_SOURCE MATERIAL_:

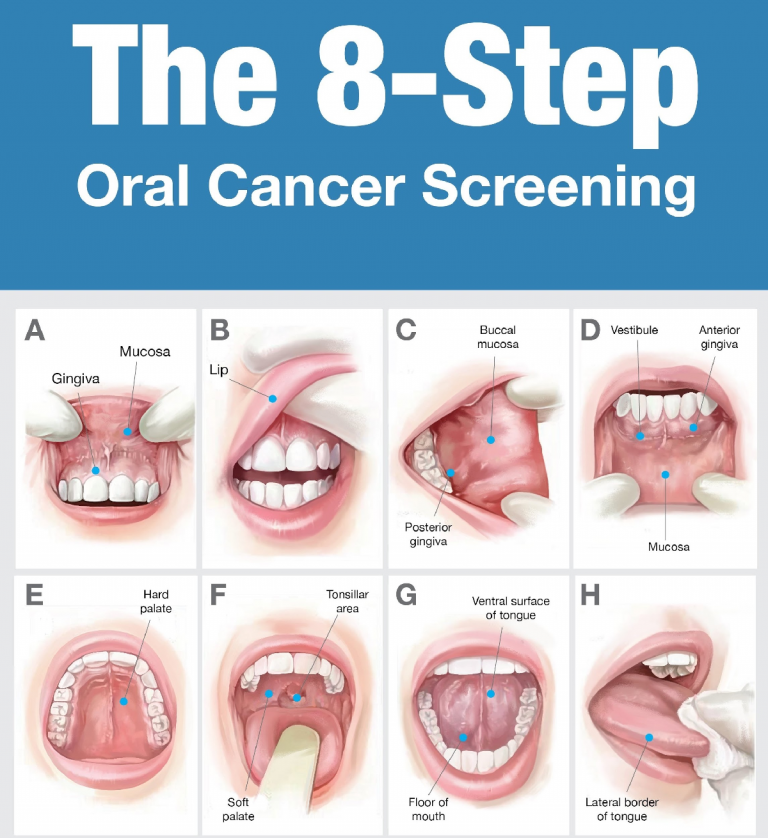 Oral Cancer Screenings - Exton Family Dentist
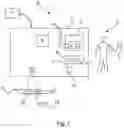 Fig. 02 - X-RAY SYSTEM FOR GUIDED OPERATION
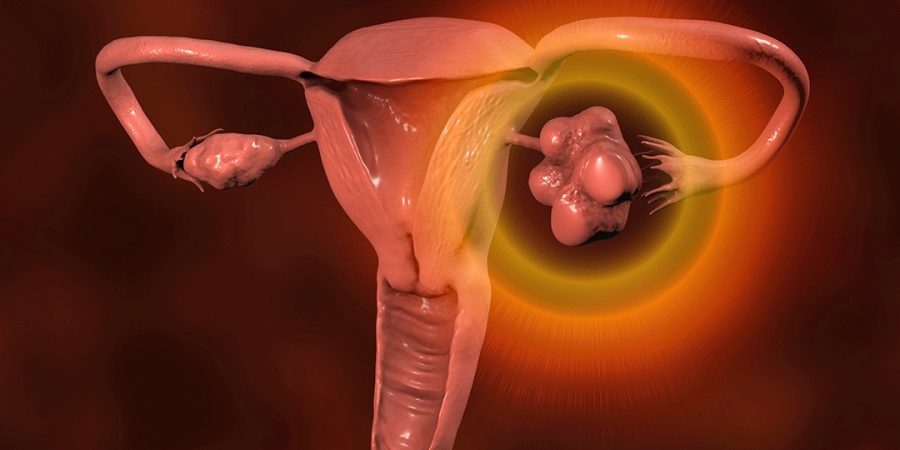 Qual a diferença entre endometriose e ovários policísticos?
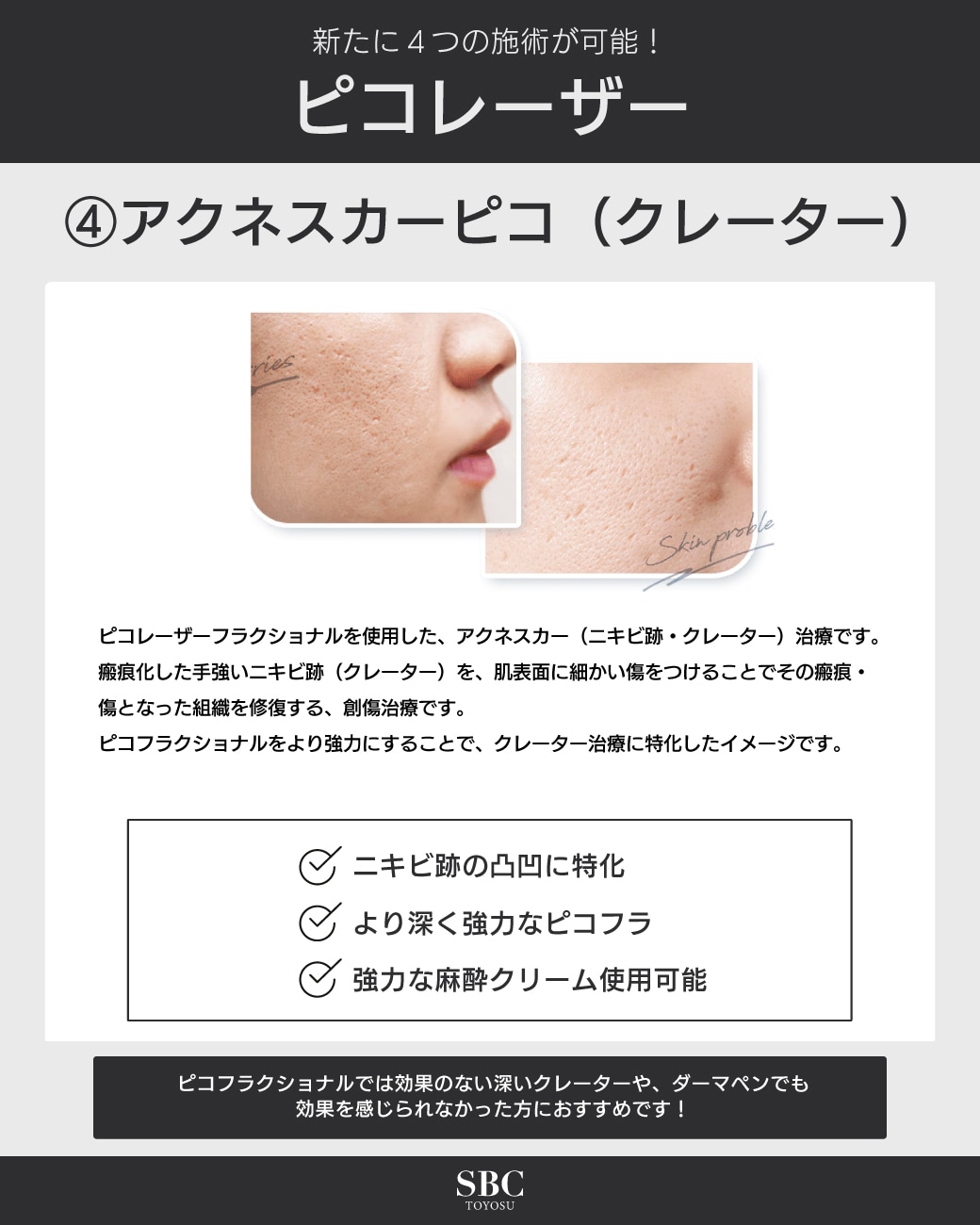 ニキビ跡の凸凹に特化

_REQUIREMENT_:
Only the lines from the one that holds "Fig. 02 - X-RAY SYSTEM FOR GUIDED OPERATION" through the final line of the material should be reproduced, word for word, with the pictures omitted.

_RESULT OF THE EXERCISE_:
 Fig. 02 - X-RAY SYSTEM FOR GUIDED OPERATION
 Qual a diferença entre endometriose e ovários policísticos?
 ニキビ跡の凸凹に特化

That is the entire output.